Today is November 11, and at 11:00 we will all stop and observe a two- minute silence. At least I think we will. It is hard to know what society at large is doing in these days, with everyone told to stay at home and away from each other. 3 days ago was Remembrance Sunday, an occasion the British take very seriously and do very well. Churches overflow, soldiers young and old march and wreaths are laid, poems are read and a single trumpet plays the haunting Last Post. Solemn crowds gather to take part in it all. A few moments of unity in a fractured world. But not this year.
I live across from a cemetery in which there are several war graves. One in particular can be seen from my neighbours’ bedroom window. He has become ‘their’ soldier and on Remembrance Sunday they clean and place flowers on his grave. Not this year. They fled London at the first lockdown and have not returned. With no services or ceremonies to attend, I took a long walk through the cemetery on Sunday, curious if any of the graves had been tended. They had not.
In 2018, I visited an extraordinary art installation at Olympic Park, Shrouds of the Somme. Artist Rob Heard devoted 4 years, and bankrupted himself in the process, to sewing an individual shroud for each and every British and Commonwealth soldier killed and not recovered at the Somme. 72, 396 men lost, 19,240 on the first day alone (July 1, 1916). Each doll was only the size of a Barbie, but laid side by side, there seemed to be no end to them. Too many to fit in one photo. At the time, the sheer scale of it staggered me. It still staggers, yet in 2020, looking back at the photos, I feel something different, something I would never have thought only months ago: Look at them all, they aren’t alone.

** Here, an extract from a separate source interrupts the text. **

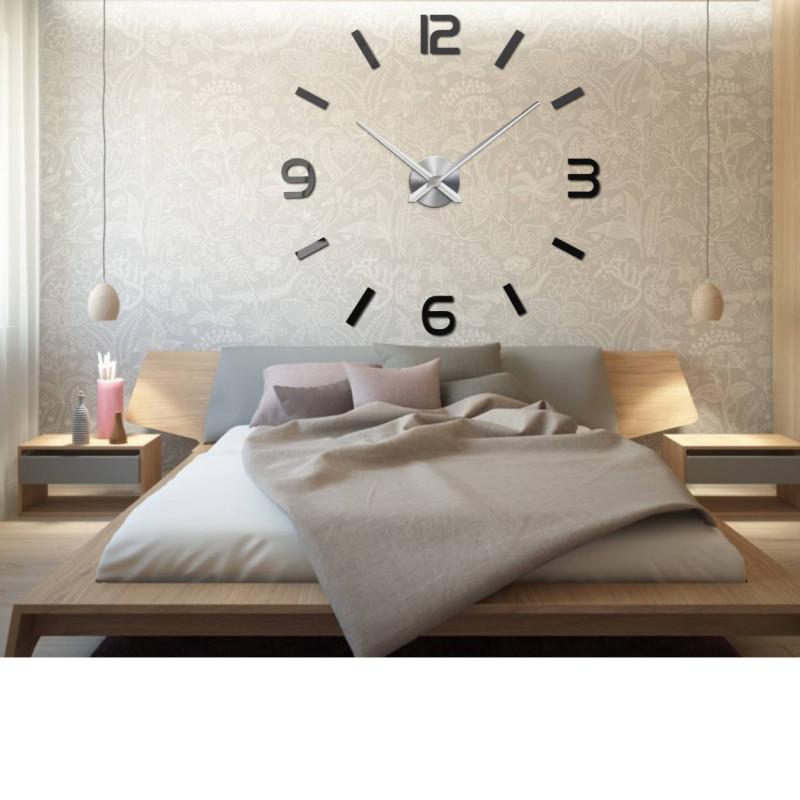Minimalistické DIY hodiny na betónovej stene s dekoratívnymi červenými vázami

Westminster Abbey was given special permission to hold a service today, with only 80 people, all masked, in attendance. I watched it on television and, while beautiful and moving, it felt all so very lonely. Remembering can be a deeply personal and often private act. Yet, this remembering, remembering for people most of us never knew, who died and continue to die, in the collective event that is war, seems to require, indeed deserves, a collective remembering. Even more so now when so many physical memorials have become problematic, the gathering of warm bodies seems more appropriate than cold stone.
These memorials we have insisted on erecting for centuries, do they really help us honour and remember? Sometimes, but mostly we just ignore them. They become part of the fabric of the landscape, no more distinguishable than the other stone and metal around them. I have been visiting English cathedrals recently, buildings that are filled with memorials and tombs and statues, mostly to people I have never heard of, whose deeds are either forgotten or, worse, are not worthy of being remembered. Occasionally, however, I find one that stops me in my tracks. In the east end of Canterbury Cathedral, a single candle and a fresh red rose sit on the floor as memorial to Thomas Beckett, the Archbishop of Canterbury murdered in the Cathedral in 1170. The simplicity is profoundly moving in a way an elaborately carved tomb or shrine could not be. It boasts nothing but its light, a light that is shared with all who look on it.
Not long ago I was introduced, through the Poetry Exchange podcast I have mentioned before, the Carol Ann Duffy poem, Last Post, which imagines what would be ‘if poetry could truly tell it backwards’, and allow ‘several million lives still possible’, what would be if, through verse, blood runs back into wounds and ‘and all those thousands dead /
are shaking dried mud from their hair / and queuing up for home.’ If only. With this poem and the Beckett memorial at Canterbury in mind I crossed the road, this morning. I spent time with these young men killed in the First World War. I tidied up their graves, lay a red rose and instead of a candle, a spring of rosemary at each. I said their names out loud, Frank, age 24, Harry, age 25, Percy, age 28. For just a few moments, together.